The outbreak at a shopping mall in Wenzhou, China, showed indirect clues of airborne transmission of SARS-CoV-2. According to a report from Singapore, SARS-CoV-2 was found in air outlet fans of a hospital room. In our study, environmental samples from an air exhaust damper in patient 1’s room and from the top of the TV in patient 3’s room showed “presumptive positive” results. The former is located in the ceiling, and the latter was located more than 2 m from the patient. These findings suggest the possibility of aerosolization of the virus. However, the following arguments may rise against our assessment: (1) frequent respiratory tract manipulation, such as oral/endotracheal suction, produced aerosols, but the chance that strong negative pressure pulled them up to the ceiling exhaust damper cannot be ruled out; (2) the high gas flow of HFNC may trigger aerosol production, although a recently published study showed that HFNC was not associated with increased aerosolization; and (3) patient 3 was able to move, although HFNC might have been uncomfortable, and the TV was at an easily accessible height. Therefore, the relationship between aerosols and the SARS-CoV-2 transmission mode cannot be explained by our observations. Further studies are needed to solve this issue. However, as seen in the precedent of SARS-CoV or MERS-CoV, it would be safe to follow airborne precautions until additional data are available, especially for patients at high risk of aerosol production.

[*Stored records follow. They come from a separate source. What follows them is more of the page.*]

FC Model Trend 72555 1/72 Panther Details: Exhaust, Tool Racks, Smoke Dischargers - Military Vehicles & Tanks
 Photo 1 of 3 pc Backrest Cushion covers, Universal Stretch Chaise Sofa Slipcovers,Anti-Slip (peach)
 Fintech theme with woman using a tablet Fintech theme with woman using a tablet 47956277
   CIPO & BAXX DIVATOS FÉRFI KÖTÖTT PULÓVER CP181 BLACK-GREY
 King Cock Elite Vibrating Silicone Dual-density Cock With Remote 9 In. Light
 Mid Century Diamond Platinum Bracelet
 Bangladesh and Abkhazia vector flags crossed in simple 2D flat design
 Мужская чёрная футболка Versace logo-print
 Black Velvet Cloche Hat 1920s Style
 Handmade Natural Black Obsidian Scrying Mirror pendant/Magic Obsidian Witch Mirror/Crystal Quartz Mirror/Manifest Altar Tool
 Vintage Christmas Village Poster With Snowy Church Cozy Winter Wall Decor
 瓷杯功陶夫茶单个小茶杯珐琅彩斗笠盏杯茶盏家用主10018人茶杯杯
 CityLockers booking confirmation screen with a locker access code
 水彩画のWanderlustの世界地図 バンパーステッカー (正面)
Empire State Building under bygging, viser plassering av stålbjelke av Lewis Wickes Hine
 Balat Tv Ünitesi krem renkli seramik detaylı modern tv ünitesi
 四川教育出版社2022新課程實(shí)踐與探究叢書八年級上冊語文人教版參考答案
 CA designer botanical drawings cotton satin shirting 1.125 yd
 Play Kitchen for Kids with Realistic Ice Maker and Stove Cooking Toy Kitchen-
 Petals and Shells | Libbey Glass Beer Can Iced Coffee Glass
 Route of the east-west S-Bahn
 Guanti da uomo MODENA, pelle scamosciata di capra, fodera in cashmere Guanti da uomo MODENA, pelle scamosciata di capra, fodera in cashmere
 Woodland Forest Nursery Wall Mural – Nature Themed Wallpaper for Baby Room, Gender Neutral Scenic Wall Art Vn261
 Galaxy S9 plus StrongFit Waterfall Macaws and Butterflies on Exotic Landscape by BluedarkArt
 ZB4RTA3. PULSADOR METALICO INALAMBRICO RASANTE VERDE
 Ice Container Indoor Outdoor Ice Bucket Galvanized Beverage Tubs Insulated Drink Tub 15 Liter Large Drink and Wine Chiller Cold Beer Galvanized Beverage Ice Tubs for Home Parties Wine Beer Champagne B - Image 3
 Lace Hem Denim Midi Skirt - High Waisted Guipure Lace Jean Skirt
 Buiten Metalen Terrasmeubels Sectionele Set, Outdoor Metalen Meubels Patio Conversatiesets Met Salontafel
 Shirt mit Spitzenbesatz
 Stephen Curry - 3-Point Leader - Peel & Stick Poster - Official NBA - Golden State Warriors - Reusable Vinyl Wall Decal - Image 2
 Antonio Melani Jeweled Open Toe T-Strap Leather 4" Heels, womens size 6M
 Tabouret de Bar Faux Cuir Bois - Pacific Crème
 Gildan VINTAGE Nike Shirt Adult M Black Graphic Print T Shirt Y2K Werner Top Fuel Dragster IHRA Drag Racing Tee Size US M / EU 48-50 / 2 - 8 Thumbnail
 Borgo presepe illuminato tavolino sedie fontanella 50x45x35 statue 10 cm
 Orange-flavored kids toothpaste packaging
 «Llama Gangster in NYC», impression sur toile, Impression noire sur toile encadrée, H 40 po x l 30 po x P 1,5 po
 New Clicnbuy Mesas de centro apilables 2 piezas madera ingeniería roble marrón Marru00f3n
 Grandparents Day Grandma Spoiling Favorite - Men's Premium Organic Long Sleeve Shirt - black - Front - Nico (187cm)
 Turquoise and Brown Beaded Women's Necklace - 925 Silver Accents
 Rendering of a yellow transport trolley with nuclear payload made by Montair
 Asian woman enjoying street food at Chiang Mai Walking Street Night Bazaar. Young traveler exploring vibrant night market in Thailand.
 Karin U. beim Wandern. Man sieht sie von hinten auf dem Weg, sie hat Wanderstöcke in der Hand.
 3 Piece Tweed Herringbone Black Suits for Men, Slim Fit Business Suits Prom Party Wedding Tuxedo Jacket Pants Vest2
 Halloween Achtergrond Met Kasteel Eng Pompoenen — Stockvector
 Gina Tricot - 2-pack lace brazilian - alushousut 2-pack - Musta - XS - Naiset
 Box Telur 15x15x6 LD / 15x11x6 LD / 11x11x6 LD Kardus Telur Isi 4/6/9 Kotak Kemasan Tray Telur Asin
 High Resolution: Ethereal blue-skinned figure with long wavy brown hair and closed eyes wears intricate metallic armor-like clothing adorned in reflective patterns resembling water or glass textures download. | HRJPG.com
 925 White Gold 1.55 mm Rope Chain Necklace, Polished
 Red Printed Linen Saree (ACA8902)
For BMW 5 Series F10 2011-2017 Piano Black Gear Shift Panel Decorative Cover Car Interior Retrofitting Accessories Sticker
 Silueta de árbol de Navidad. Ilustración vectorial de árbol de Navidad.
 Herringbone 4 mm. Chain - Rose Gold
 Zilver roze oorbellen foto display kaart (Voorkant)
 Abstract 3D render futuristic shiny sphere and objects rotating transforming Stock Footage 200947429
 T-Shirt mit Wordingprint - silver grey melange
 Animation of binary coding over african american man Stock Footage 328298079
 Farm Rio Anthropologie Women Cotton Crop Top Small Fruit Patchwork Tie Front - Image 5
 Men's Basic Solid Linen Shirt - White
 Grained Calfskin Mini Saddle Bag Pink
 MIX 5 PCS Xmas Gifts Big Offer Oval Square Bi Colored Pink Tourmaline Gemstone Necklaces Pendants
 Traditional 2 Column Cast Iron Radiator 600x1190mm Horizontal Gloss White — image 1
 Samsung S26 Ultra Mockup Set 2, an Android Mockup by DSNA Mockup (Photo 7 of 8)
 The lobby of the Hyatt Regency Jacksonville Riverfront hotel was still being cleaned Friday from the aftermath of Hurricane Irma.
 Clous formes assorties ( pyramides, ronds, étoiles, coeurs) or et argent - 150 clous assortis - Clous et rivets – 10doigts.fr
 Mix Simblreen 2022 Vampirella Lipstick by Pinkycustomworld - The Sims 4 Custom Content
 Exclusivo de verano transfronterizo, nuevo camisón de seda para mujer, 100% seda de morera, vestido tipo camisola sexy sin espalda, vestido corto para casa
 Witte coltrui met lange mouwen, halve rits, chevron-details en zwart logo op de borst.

Our study has several limitations. First, actual infectivity by live SARS-CoV-2 was not evaluated using viral cultures. Second, air sampling could not be performed due to the absence of equipment. For this reason, we could not investigate the presence of aerosolized viral particles in ambient air. Third, patients in the early stages of the illness were not sufficiently included, and most of the patients were considered as mid-to-late stage. Fourth, environmental samplings were conducted at different single timepoints for each patient, not periodically collected according to the course of the illness.

In conclusion, there was SARS-CoV-2 contamination of the hospital environment. Strict contact precaution, routine cleaning, and disinfection are mandatory in the management of patients infected with SARS-CoV-2.